The Equifax Data Breach
Equifax is one of the three major credit reporting agencies (CRAs) in the US. The other two are TransUnion and Experian. These agencies maintain records on all Americans’ credit history by gathering data from firms that issue credit, such as credit card companies, banks, and credit unions.
On Sep 7, 2017, Equifax reported that hackers had exploited a vulnerability in its US website application to gain access to certain files from mid-May through July 2017.
Roughly 145.5M US customers could be affected
The hackers accessed personal data, including Social Security numbers, birth dates, addresses, and, in some cases, driver’s license numbers. They also stole credit card numbers for approximately 209,000 US consumers, as well as dispute documents—used to dispute errors on credit reports—with personal identifying information for approximately 182,000 US consumers. Some UK and Canadian residents may have also had personal data compromised.

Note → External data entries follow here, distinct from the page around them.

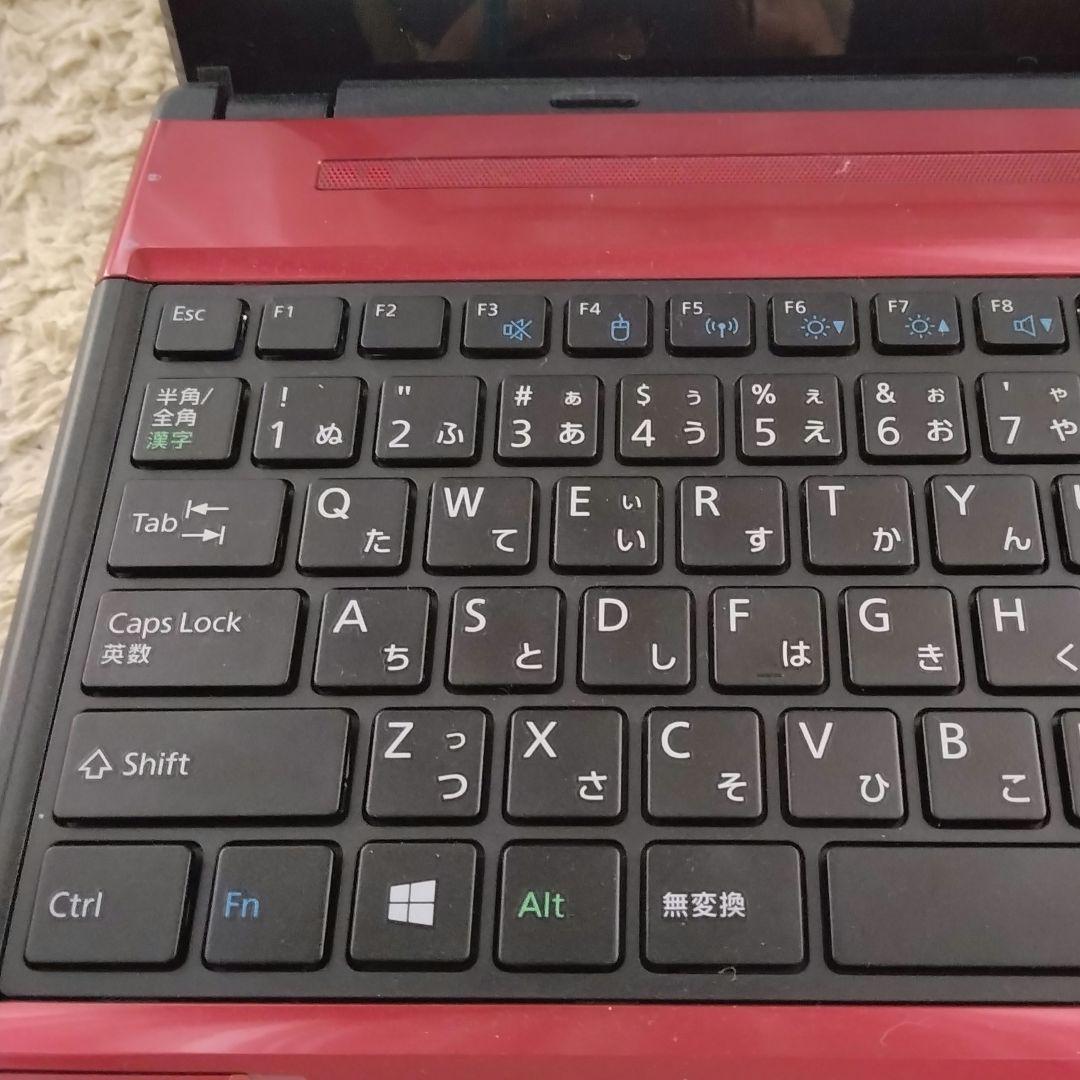 千43 カメラ 美品　メモリ8GB Office ノートパソコン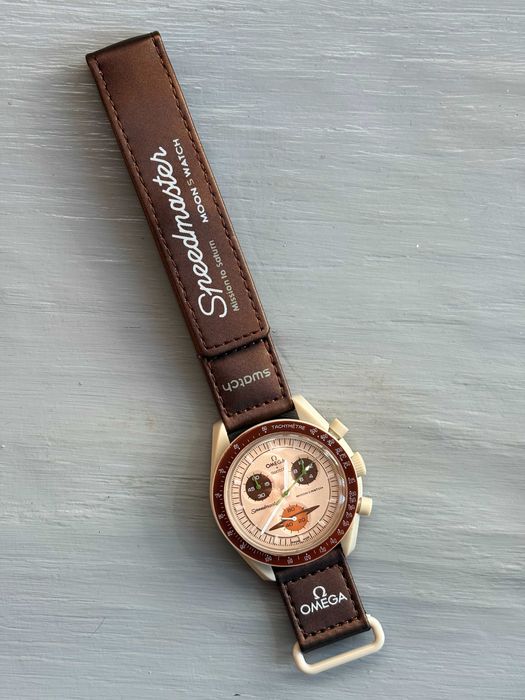 Zegarek Omega Moonswatch Mission to Saturn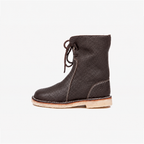 Vintage Buttery-Soft Waterproof Wool-Lined Ankle Boots
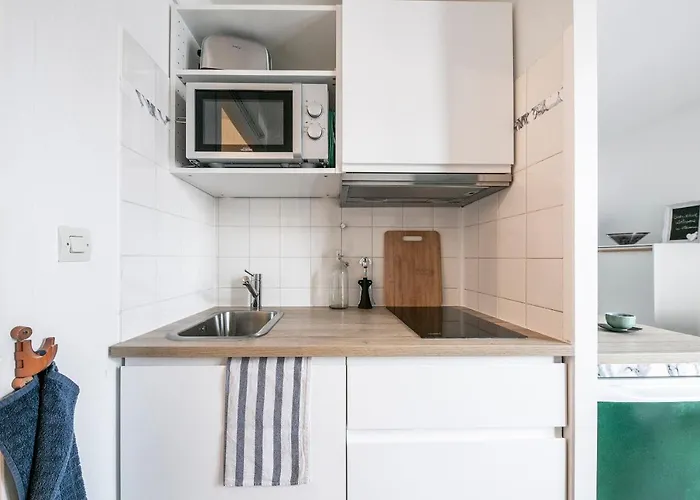 Apartman Avec Parking, Clim, Balcon, Proche Tram *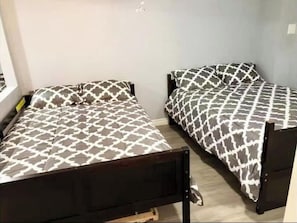 1 bedroom, Internet, bed sheets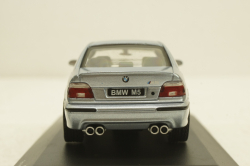 BMW M5 (E39) 2000 silver blue metallic, 4310503, Solido 1:43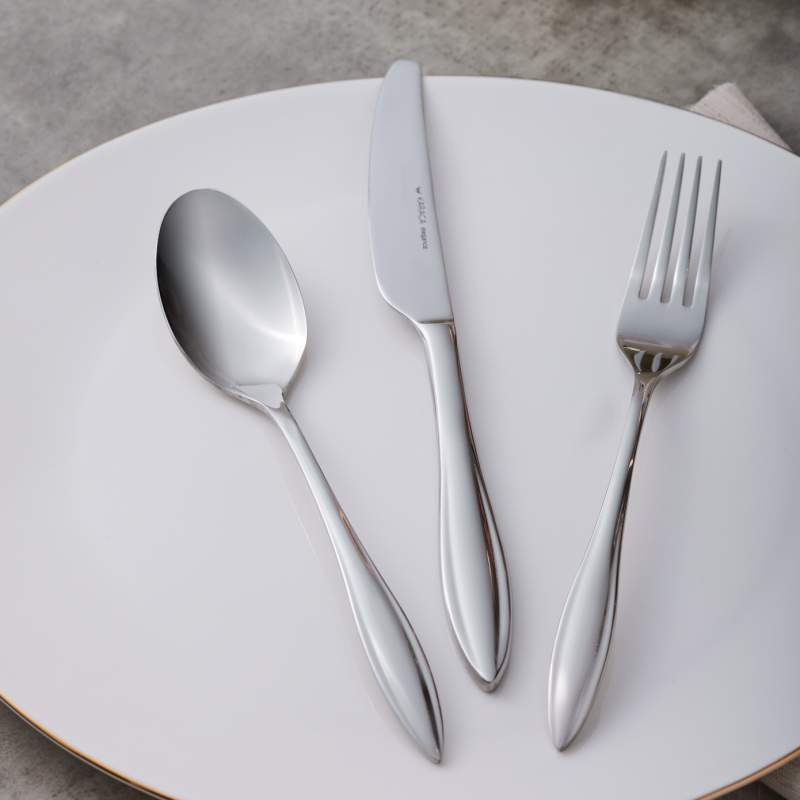 Karaca Costa Elegance 84 Pieces 12 Person Cutlery Set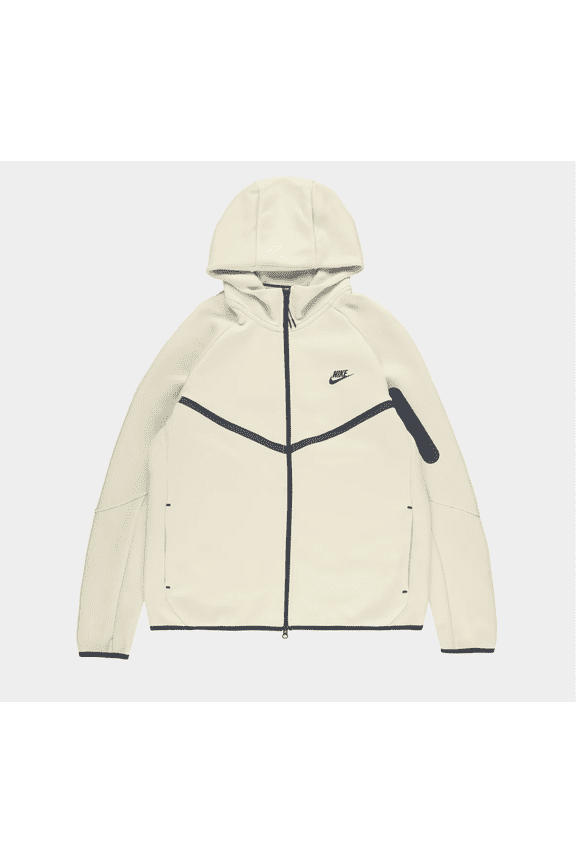 Women's Windrunner Tech Fleece Light Khaki/Black (FB8338-133) Size Medium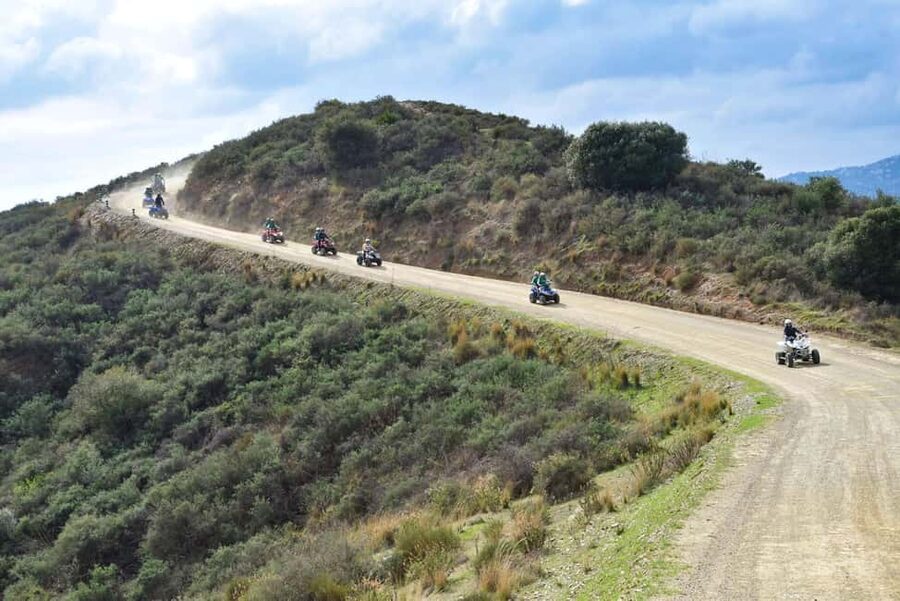Málaga: Off-road Guided Quad Biking Tour in Mijas Mountains - Leaving the Costa del Sol resorts behind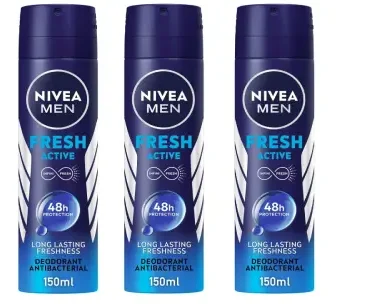 NIVEA MEN Deodorant Spray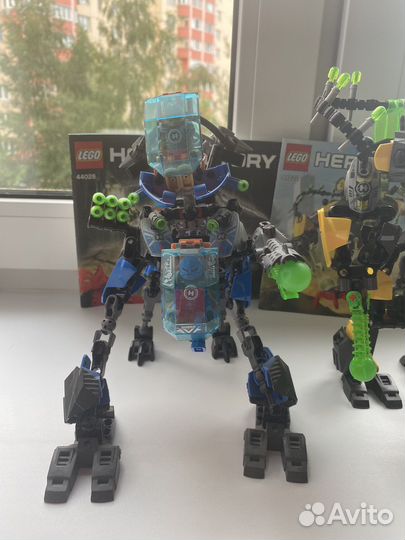 Lego Hero Factory 44028, 44022, 44027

If you are an American citizen or US resident and you have ever applied for credit, you could have been affected by the breach, according to the Identity Theft Resource Center. (After all, 143 million people represents 44% of the US population.) Says ITRC: “The breach may also impact minor children whose parents have submitted documentation to the CRAs for the purposes of checking on or protecting their credit information, even if a credit report or score was never established”.
Equifax knew about the hack more than a month before they reported it
The company discovered the breach on July 29 and chose not to publicly disclose it until September. Adding insult to injury, three Equifax executives sold nearly $2 million in company stock before the announcement. The company maintains that its executives “had no knowledge that an intrusion had occurred at the time they sold their shares”.
After they went under federal investigation, the company established a website to help consumers find out whether their data had been compromised; it also offered them the opportunity to sign up for credit-file monitoring and identity-theft protection (for the low, low price of $16.95/month).
When the Equifax recovery site first launch, it included a clause stating that anyone signing up for protective services waived their rights to participate in any class-action lawsuits against the company. After intense public and media outcry, the company eventually removed the clause.